Your basic thinking sounds sound, lol. Or at least a good 'theory path' to
pursue.
What I would do is rig a switch such that you can trick the system from the
cockpit, like take the idle switch out of the picture for long cold
descents.
Like if the idle switch is open, the ecu won't know it's a idle and above
1,500 rpm, and will continue operating the injectors a little.
You could also try blocking off radiator air inlet, like all big trucks do
in the winter. You should have your heater hoses insulated, and run the
warmest thermostat you can find.
Scott
-----Original Message-----
From: Vanagon Mailing List [mailto:vanagon@gerry.vanagon.com] On Behalf Of
Geza Polony
Sent: Thursday, December 27, 2007 8:44 AM
To: vanagon@GERRY.VANAGON.COM
Subject: Overcooling Hypothesis--Long
I've been wondering about Vanagon Overcooling Syndrome for a long time now,
and just came up with an idea as I was going downhill in Northern
California.
Here's the syndrome: it's cold out, you're going downhill for a long ways,
and there is just nothing you can do to get the coolant warm. It's not a
gauge problem; the coolant really isn't warm, and your heaters don't work,
and the van runs bad.
Must be a thermostat stuck open! you say; but no, at home doing the pot o'
water test, the tstat works perfectly. You put it back in; the van still
overcools. This cannot be; yet it is.
Here's my idea. When you're coasting downhill, you're using the engine as a
brake. This means that above 1500 RPM, with the idle switch closed, the
engine isn't getting any gas, as the ECU has shut the injectors down. If it
isn't getting any gas, it also isn't producing any heat. The engine is
functioning as a brake, but there isn't any combustion, and so, after a
period of 10 minutes or so in freezing temperatures, the coolant loses
temperature, and your gauge is way off the edge of the scale.

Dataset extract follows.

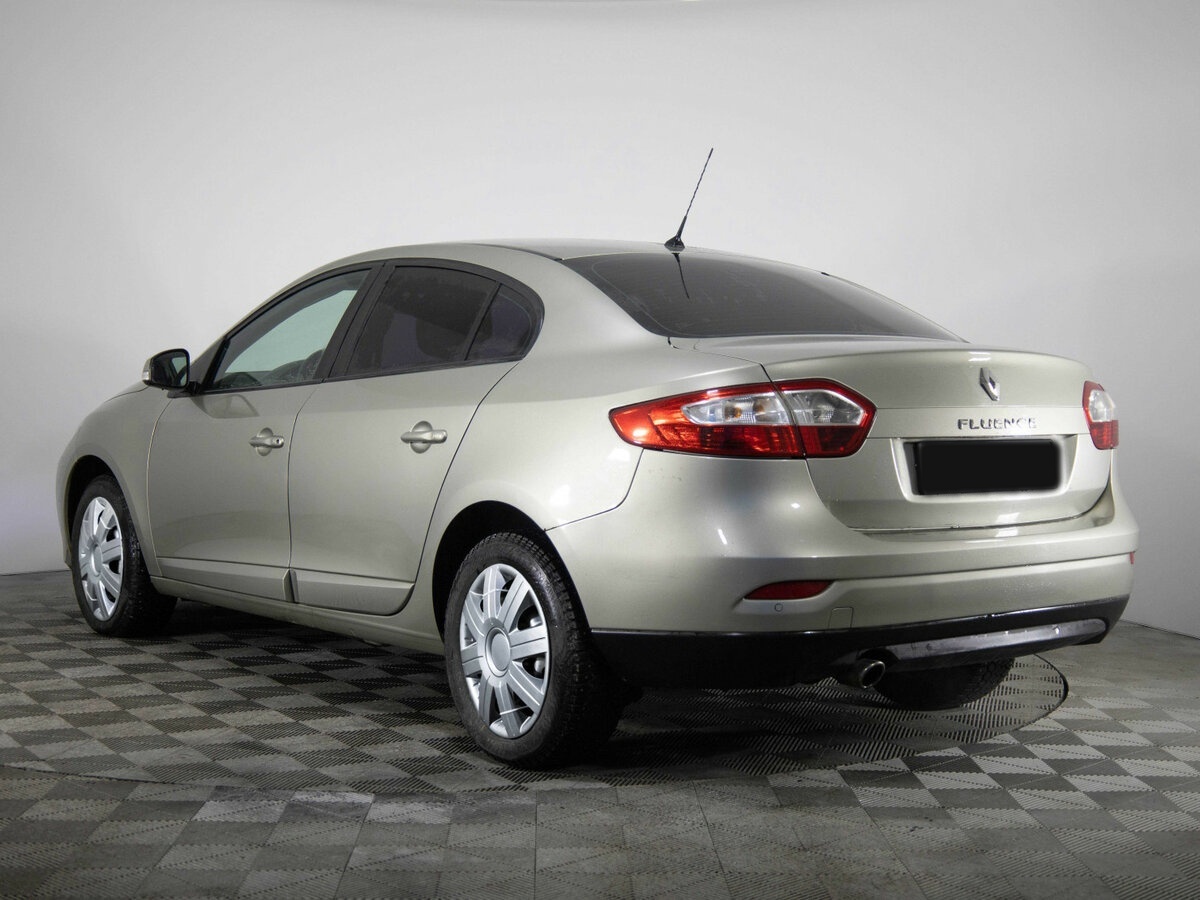 Купить Renault Fluence I Рестайлинг, 2014, 112 650 км, фото №6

I tested this by going downhill, engine warm, and taking my foot off the gas
to coast. I could see the gauge move colder before my eyes. Give it a little
gas, and the engine warms up. This is kind of tricky from a driving
standpoint, but it works.
I'm talking about an '84 1.9 with the twin switches on the throttle
body--maybe in later years VW corrected this with new switch type, maybe a
remap of the ECU?
Anyway, such is my thinking. Anyone who has experienced this knows it is a
real problem in the winter months. Hope this helps.